Different types of data blocks in TPL dataflow (TDF) part 3

18 ביולי 2012

2 תגובות

Hey.

In the last 2 posts I have talked about the difference of the data block in the new TPL data flow library that is a part of the new async concept in Microsoft.NET Framework 4.5. In the first post I have talk about the exection data blocks Link and in the second post I have talked about buffering data blocks Link if you haven't read it I encourage to go and read it now before continue reading this post.
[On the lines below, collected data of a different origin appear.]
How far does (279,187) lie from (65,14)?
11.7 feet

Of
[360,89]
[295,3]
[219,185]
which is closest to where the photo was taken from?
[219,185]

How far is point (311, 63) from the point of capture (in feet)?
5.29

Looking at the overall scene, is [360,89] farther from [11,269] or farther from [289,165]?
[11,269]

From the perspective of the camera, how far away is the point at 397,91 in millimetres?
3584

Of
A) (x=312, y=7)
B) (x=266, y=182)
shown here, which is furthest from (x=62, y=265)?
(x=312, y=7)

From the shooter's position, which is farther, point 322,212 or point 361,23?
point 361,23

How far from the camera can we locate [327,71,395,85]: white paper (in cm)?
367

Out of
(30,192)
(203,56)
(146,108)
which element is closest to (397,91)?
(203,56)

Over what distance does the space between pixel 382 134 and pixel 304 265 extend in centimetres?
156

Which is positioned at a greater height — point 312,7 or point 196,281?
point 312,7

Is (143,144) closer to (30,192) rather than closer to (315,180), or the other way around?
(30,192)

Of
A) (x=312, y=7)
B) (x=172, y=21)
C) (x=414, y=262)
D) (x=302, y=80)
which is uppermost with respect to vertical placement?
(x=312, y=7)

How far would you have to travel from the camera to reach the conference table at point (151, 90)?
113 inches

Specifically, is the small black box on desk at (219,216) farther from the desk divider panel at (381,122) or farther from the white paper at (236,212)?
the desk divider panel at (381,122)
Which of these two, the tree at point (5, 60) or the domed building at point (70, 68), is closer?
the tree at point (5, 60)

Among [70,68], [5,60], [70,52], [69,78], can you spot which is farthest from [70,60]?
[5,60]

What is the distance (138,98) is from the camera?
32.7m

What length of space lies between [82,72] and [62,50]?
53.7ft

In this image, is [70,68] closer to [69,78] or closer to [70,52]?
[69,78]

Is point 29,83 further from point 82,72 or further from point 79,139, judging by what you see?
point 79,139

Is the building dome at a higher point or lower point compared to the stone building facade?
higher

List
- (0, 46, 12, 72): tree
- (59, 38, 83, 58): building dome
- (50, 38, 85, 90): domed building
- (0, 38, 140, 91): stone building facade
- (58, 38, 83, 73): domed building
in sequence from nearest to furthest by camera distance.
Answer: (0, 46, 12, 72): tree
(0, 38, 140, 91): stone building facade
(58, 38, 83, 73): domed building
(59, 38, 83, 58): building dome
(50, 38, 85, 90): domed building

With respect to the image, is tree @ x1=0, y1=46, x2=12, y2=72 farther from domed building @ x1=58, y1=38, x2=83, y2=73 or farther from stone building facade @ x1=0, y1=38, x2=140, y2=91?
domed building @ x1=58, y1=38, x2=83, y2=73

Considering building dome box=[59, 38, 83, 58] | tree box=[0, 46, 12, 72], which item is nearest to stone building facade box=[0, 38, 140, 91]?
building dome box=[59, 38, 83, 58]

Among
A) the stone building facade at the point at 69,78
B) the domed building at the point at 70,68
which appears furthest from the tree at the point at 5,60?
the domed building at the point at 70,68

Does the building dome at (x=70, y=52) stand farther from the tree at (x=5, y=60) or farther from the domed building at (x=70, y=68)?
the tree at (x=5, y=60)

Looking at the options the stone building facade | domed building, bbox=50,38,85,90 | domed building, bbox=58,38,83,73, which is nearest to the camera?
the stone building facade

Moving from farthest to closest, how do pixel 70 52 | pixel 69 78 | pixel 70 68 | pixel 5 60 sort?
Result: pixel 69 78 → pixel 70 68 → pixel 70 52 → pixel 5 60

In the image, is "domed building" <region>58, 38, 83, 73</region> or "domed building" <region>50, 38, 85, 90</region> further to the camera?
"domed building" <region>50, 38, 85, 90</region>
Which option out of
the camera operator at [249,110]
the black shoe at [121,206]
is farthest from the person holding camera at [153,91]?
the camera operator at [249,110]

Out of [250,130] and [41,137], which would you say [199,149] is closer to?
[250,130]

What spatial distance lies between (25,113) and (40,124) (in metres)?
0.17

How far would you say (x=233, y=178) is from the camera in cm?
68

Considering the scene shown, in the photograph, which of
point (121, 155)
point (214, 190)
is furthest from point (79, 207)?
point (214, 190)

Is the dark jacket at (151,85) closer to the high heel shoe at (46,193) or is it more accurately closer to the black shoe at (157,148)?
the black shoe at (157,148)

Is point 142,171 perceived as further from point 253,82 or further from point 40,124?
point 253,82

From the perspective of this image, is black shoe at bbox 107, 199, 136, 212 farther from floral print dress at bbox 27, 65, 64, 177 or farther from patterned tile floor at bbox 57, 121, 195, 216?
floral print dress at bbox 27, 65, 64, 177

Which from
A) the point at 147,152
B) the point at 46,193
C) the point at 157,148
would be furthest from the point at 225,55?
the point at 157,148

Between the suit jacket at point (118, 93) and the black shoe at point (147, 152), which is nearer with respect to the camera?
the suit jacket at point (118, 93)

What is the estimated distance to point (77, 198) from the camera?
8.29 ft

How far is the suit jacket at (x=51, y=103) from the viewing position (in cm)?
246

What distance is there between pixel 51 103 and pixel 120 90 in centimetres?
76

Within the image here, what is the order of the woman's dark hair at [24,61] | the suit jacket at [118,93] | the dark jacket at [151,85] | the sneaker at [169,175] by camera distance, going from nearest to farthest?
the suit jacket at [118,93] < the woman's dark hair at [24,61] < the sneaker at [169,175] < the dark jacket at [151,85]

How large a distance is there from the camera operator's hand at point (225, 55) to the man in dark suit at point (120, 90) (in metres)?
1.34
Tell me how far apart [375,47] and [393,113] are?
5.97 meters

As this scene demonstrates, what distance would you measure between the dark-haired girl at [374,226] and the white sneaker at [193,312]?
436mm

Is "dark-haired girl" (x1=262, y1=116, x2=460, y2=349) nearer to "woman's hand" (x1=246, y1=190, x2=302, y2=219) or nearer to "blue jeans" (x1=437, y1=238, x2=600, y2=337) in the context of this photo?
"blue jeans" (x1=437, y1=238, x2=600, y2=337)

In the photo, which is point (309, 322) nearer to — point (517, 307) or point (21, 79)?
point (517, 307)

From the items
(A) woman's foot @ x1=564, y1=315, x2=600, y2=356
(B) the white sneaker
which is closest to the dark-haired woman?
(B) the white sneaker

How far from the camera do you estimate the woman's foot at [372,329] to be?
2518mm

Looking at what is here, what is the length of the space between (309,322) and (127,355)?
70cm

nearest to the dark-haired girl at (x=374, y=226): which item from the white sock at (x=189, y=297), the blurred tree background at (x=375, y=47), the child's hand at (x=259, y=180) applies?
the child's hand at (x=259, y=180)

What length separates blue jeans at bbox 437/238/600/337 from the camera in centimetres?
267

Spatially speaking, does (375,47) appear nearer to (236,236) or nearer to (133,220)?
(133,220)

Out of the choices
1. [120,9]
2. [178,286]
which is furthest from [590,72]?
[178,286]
In this post I would like to talk and explain about the third data block group the: Joining blocks. The purpose of data blocks in this group is to combine together a massage from 2 or more data source blocks into 1 massage. As for now, in the given data blocks you can group together 2 or 3 data sources but you can write your own data block that groups more than 3 data sources. Like the buffer block group, the data blocks in this group will not change the inner massages and but simply collect them and join them into a single massage. Let’s jump into the first data block.

First Block: BatchBlock<T>.

This block is a simple block that collects predefined number of massages, into a single batch message. The predefined number of massages that represents the batch size will be set in the contractor of the batch data block and you will not be able to change after creation. This data block will store massages posted to it until the number of the stored massaged will reach the batch size then a new massage will be propagated out of the batch block contains all the messages. If the massages number will not reach the batch size the massage will stay in the batch block infinity, in order to prevent this behavior, the batch block has a method called ‘TriggerBatch’ that will create a batch with a smaller amount of massages then declared in the constructor batch size. Let’s create a batch block:

var batchBlock = new BatchBlock<BasketballPlayer>(batchSize: 5);

I have created a batch block that received and stores items of class ‘BasketballPlayer’ with batch size of 5. Meaning that every 5 items of type ‘BasketballPlayer’ a new batch massage will be created by this batch block containing an array of 5 items of ‘BasketballPlayer’ objects.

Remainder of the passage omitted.